Aunque tampoco está mal empezar poco a poco. Esto no es una sesión de citas rápidas y hay tiempo para conocer a todo el mundo. “Intenta conocer al menos una persona cada día. La mayoría de nosotros nos inhibimos o estamos demasiado ocupados pero seguro que terminarás cosechando un resultado. La conversación construye confianza y nadie trabaja con otro o hace una recomendación si no percibe confianza. Haz la prueba.”

La clave es ser generoso con tu tiempo. Algunas personas tratan el coworking como una oficina barata, pero esas mismas personas obtienen mucho menos que aquellos que conectando con el resto de coworkers y dan su tiempo a otros.
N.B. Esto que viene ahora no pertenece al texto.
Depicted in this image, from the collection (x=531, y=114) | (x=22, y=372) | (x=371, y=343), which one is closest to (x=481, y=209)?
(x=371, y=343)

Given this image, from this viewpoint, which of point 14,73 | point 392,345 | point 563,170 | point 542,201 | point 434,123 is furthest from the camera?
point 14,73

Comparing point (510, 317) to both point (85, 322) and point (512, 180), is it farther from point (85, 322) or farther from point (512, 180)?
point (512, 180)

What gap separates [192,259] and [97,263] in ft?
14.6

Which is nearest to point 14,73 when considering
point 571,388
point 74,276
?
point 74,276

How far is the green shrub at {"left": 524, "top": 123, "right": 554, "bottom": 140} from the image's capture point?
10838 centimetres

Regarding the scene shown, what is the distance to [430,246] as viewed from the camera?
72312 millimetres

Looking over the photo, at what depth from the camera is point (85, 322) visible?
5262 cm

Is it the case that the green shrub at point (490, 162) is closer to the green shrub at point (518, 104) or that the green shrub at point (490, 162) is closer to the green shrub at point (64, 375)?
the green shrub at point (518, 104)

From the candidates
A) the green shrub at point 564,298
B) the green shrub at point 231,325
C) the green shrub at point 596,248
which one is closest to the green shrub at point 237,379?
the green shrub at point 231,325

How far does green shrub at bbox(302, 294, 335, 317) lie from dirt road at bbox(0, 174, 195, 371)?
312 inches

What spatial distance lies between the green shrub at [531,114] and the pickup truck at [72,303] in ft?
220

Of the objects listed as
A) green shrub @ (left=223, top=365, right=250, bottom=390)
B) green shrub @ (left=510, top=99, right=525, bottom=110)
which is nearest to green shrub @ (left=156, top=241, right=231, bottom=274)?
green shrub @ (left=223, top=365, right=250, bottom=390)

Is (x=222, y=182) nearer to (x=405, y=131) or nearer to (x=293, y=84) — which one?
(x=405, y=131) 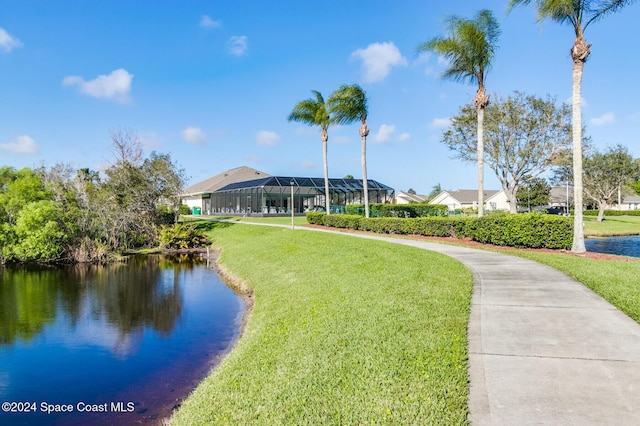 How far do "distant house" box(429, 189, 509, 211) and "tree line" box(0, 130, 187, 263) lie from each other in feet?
140

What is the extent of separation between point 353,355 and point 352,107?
2072 cm

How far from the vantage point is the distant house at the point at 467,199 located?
5900 cm

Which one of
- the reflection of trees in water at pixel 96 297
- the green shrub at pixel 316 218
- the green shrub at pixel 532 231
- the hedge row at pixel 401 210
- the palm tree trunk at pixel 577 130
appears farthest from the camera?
the hedge row at pixel 401 210

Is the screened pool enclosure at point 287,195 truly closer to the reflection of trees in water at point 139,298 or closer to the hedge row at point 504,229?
the hedge row at point 504,229

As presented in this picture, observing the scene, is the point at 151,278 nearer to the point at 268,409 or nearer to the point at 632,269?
the point at 268,409

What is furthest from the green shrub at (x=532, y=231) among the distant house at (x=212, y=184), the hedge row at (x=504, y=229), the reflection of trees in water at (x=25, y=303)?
the distant house at (x=212, y=184)

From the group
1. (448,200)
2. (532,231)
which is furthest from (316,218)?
(448,200)

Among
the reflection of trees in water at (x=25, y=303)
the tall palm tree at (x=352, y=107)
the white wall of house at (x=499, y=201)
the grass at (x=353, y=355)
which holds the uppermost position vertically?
the tall palm tree at (x=352, y=107)

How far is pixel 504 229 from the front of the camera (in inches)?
555

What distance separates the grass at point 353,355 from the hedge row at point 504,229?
4.88 meters

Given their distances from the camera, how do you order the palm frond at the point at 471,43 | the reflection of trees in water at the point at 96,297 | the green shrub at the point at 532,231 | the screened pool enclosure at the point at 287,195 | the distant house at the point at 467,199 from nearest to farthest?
the reflection of trees in water at the point at 96,297, the green shrub at the point at 532,231, the palm frond at the point at 471,43, the screened pool enclosure at the point at 287,195, the distant house at the point at 467,199

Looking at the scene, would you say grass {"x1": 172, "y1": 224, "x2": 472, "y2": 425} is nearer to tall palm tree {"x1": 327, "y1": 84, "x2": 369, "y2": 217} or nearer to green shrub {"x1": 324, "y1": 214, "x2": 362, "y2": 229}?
green shrub {"x1": 324, "y1": 214, "x2": 362, "y2": 229}

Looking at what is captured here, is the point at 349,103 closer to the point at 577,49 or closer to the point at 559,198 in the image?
the point at 577,49

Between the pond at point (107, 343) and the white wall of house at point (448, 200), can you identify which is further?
the white wall of house at point (448, 200) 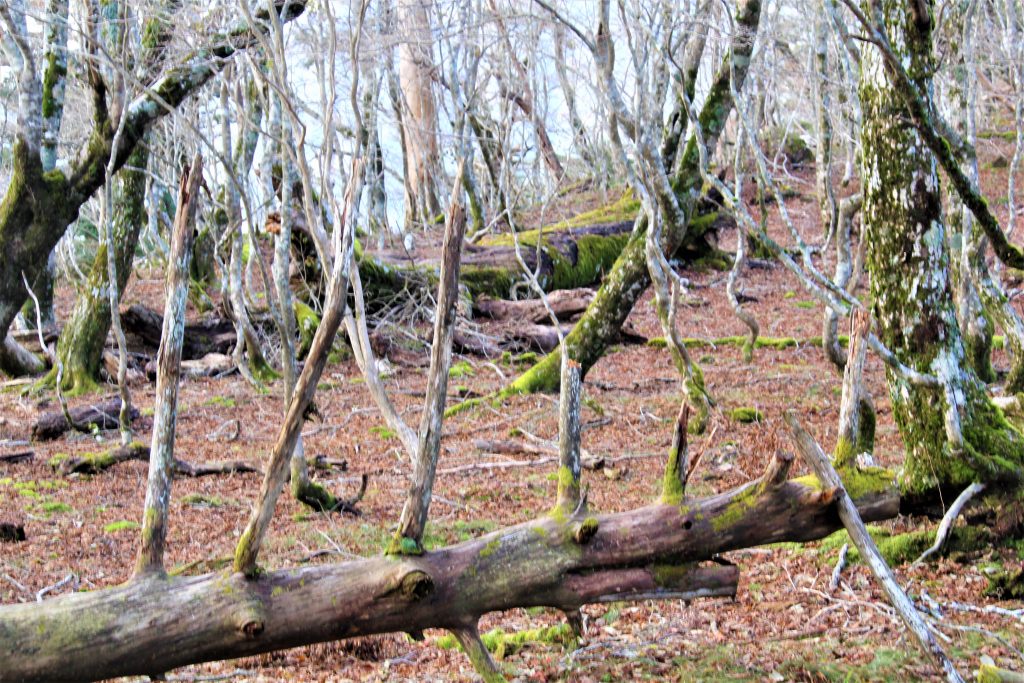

La cocina es un lugar ideal para hacer contactos mientras esperas al café. Recuerda que estás con profesionales muy parecidos a tí y que puedes conocer a gente agradable y con mucho talento.

¿La moraleja?

La idea que subyace a todos estos consejos es que el “coworking de verdad” necesita un poco de motivación. Es perfectamente adecuado utilizar tu espacio nada más que como una oficina compartida, pero estás perdiendo la mitad de tu dinero. El valor real llega cuando dejas de ser un mosca en la pared y comienzas a ser un miembro activo de la comunidad. Habla con la gente, comienza nuevos eventos y se generoso con tu tiempo.